Data records
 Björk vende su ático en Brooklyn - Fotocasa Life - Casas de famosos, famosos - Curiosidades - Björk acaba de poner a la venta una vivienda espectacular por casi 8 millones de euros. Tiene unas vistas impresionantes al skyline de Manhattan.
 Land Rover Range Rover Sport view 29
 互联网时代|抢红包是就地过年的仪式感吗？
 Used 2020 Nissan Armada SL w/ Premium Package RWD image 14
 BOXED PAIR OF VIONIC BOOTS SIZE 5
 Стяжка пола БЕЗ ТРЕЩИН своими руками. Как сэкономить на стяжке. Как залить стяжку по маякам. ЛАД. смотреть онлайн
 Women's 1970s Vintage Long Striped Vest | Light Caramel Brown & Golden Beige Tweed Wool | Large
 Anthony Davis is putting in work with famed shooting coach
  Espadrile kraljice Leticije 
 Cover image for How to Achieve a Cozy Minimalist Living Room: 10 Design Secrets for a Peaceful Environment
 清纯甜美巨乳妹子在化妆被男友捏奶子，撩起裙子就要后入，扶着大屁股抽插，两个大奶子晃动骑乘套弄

**TASK BRIEF:** For each line in the data above that contains the string "image", extract the line.

**ANSWER BOX:**
 Used 2020 Nissan Armada SL w/ Premium Package RWD image 14
 Cover image for How to Achieve a Cozy Minimalist Living Room: 10 Design Secrets for a Peaceful Environment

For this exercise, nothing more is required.